- Opening Delimiter -
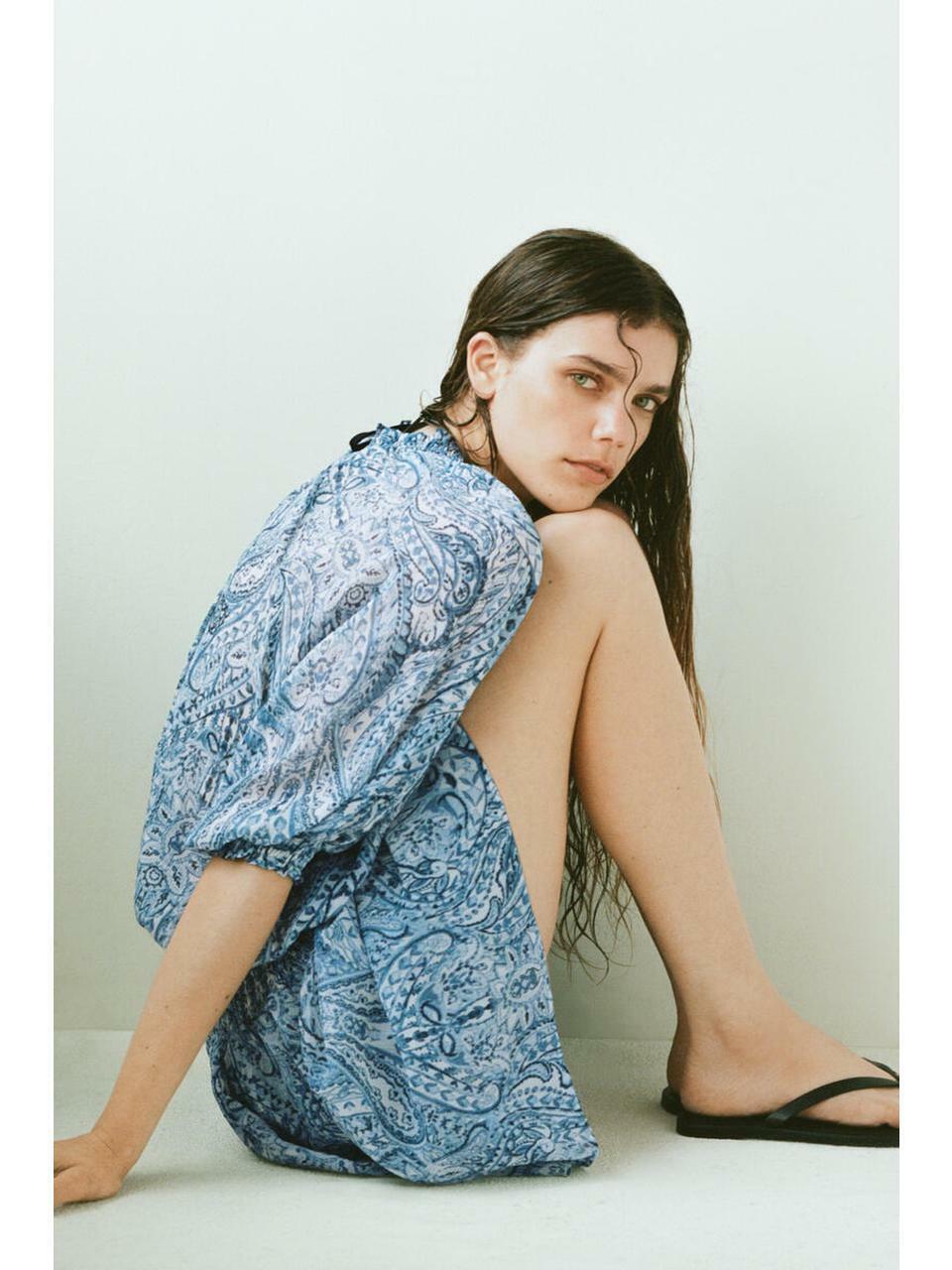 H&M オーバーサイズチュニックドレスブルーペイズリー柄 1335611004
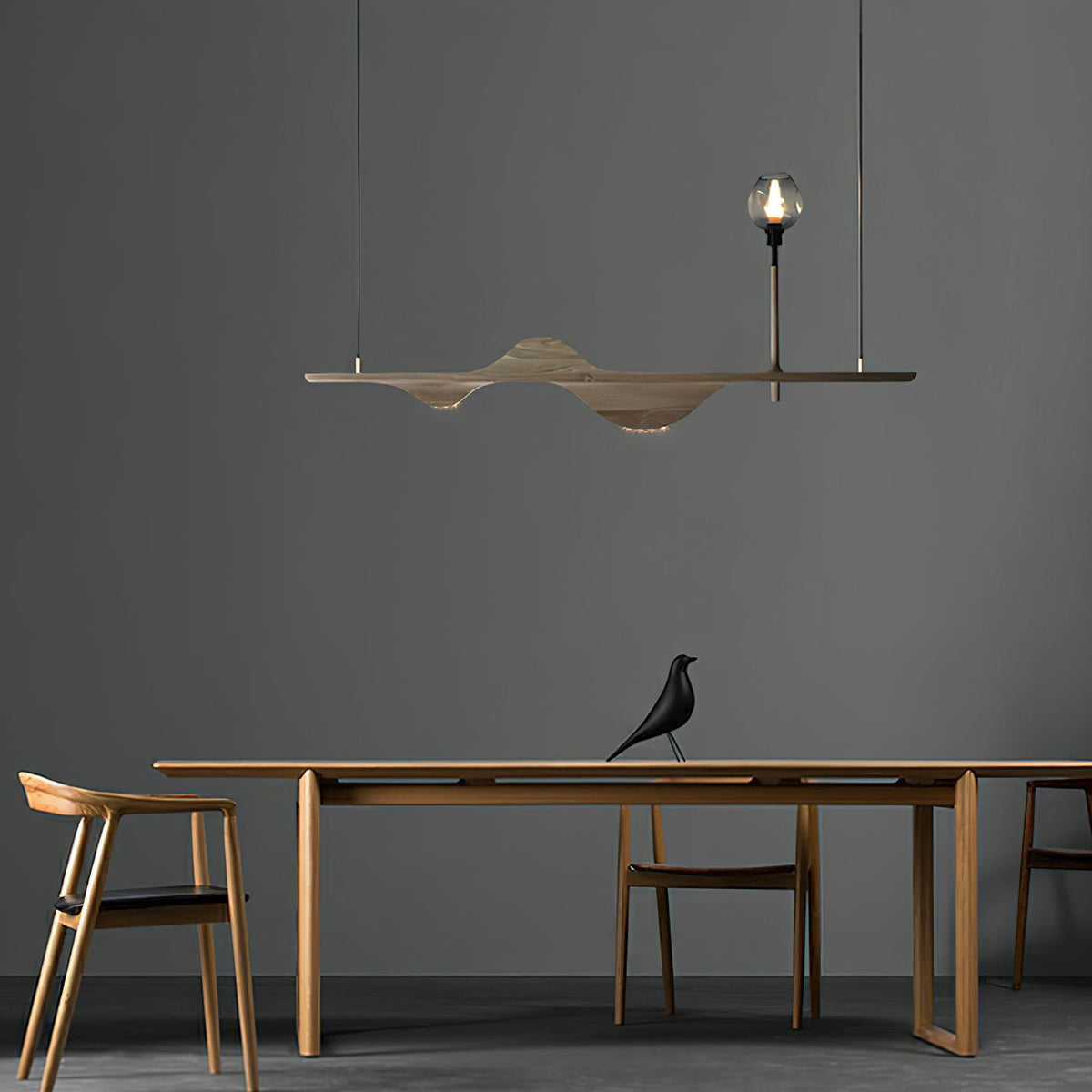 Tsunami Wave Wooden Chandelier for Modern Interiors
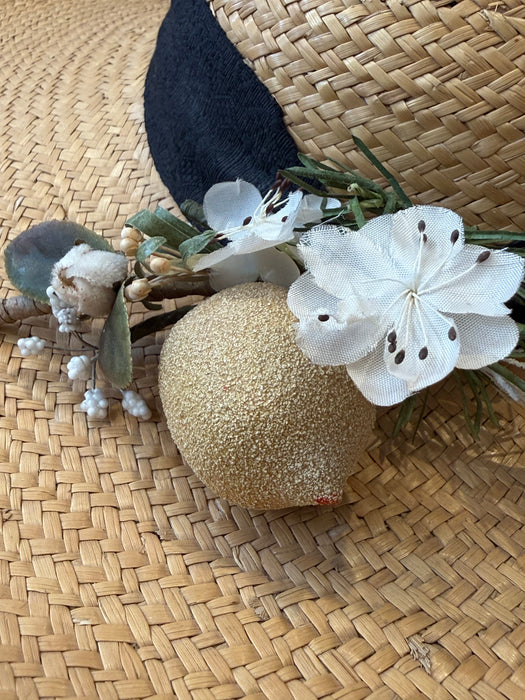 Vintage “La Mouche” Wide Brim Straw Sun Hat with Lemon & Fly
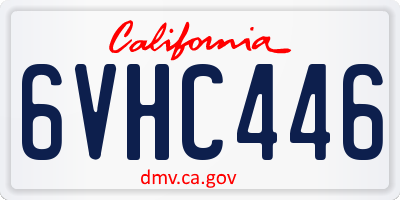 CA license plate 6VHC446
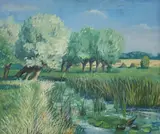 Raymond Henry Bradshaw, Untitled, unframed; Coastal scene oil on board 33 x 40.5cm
- Closing Delimiter -
TASK OBJECTIVE » Print, word for word, every entry shown above; the pictures stay out.

WRITTEN RESPONSE »
 H&M オーバーサイズチュニックドレスブルーペイズリー柄 1335611004
 Tsunami Wave Wooden Chandelier for Modern Interiors
 Vintage “La Mouche” Wide Brim Straw Sun Hat with Lemon & Fly
 CA license plate 6VHC446
 Raymond Henry Bradshaw, Untitled, unframed; Coastal scene oil on board 33 x 40.5cm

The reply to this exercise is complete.